I couldn’t imagine doing something like that when I was sixteen. There had to be something seriously wrong with Andre Gardiner’s wiring.

“Wow. What did your father do?”

“He started yelling at me! Do you believe that? I had just done him a massive favor, and all he wanted to do was yell at me for making a mess. ‘Just like always, I’m cleaning up after you,’ he said. Then he locked me in my room. It wasn’t until I saw the papers the next day that I figured out what he had done.”

I wiped my forehead with the back of my hand. Takvor Soralian did the same thing. He still had his gun pointed at me, but he was watching Gardiner.

“That’s why you had problems at Punahou your senior year,” I said. “You were upset. I can understand that. I killed a man a couple of years ago, so I know what that’s like.”

“That didn’t bother me. It was the way my asshole father treated me that made me crazy. Like I was some kind of criminal. Made me go to see psychiatrists, sent me to fucking Oregon for college instead of UH with my friends.”

Fathers and sons, I thought. We never seem to get that part right. I thought my own father had done a good job of raising us, but I had my own resentments, and I know my brothers did, too.

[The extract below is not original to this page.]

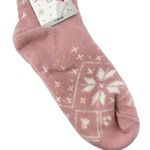 Marilyn Monroe Sherpa Lined Slipper Socks Pink Snowflake No-Slip Grip Bottom NWT Photo 3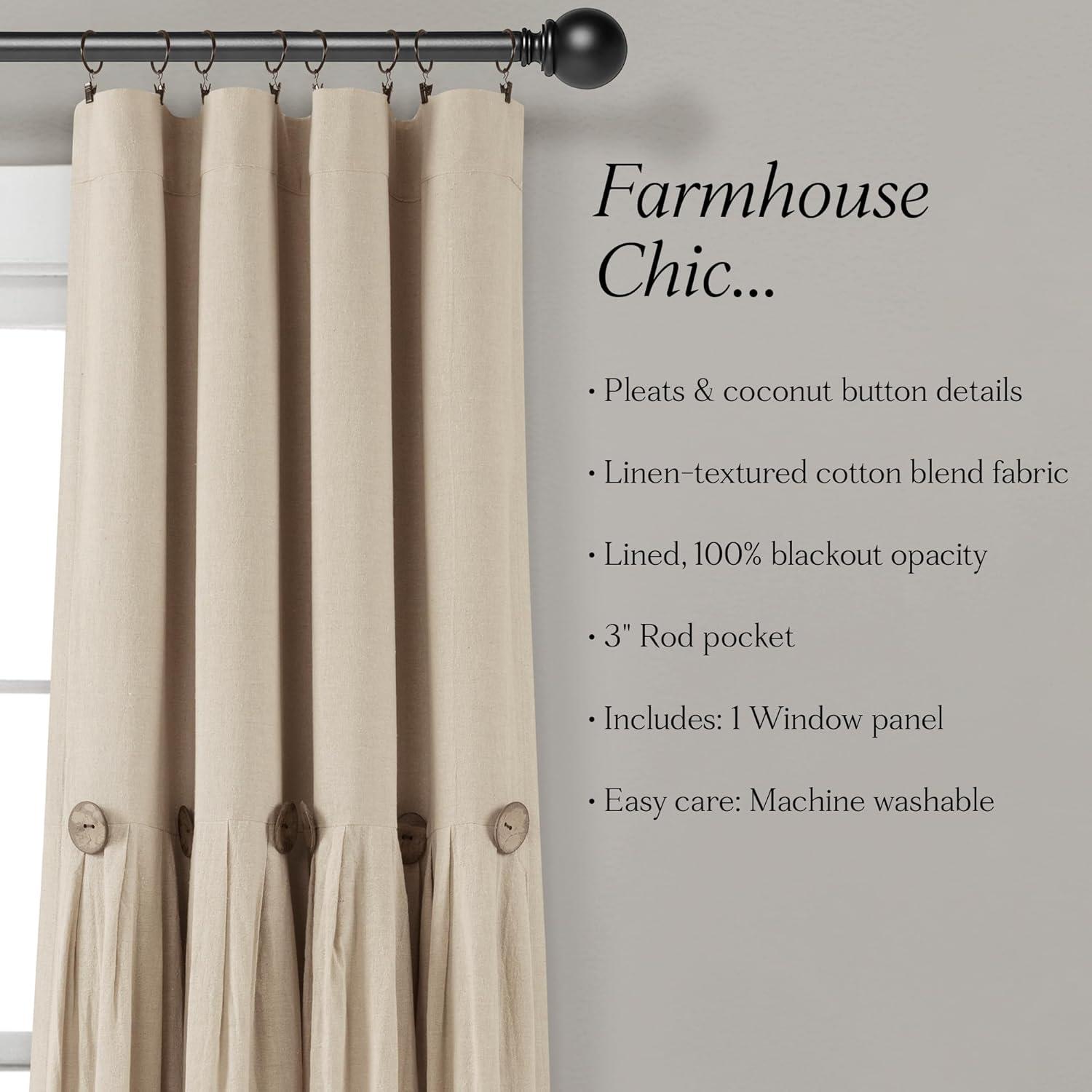 Lush Decor Linen Button Cotton Blend Blackout Thermal Rod Pocket Single Curtain Panel & Reviews | Wayfair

“Even so, Mr. Gardiner. There’s no physical evidence anymore. It would have been his word against yours.”

He shrugged. “Well, I’ve confessed now. So that means I’m going down. Might as well take a couple of you bastards with me.”

He took his gun off Greg Oshiro and aimed at me. I heard the deafening blast reverberate in the small house and took a deep breath.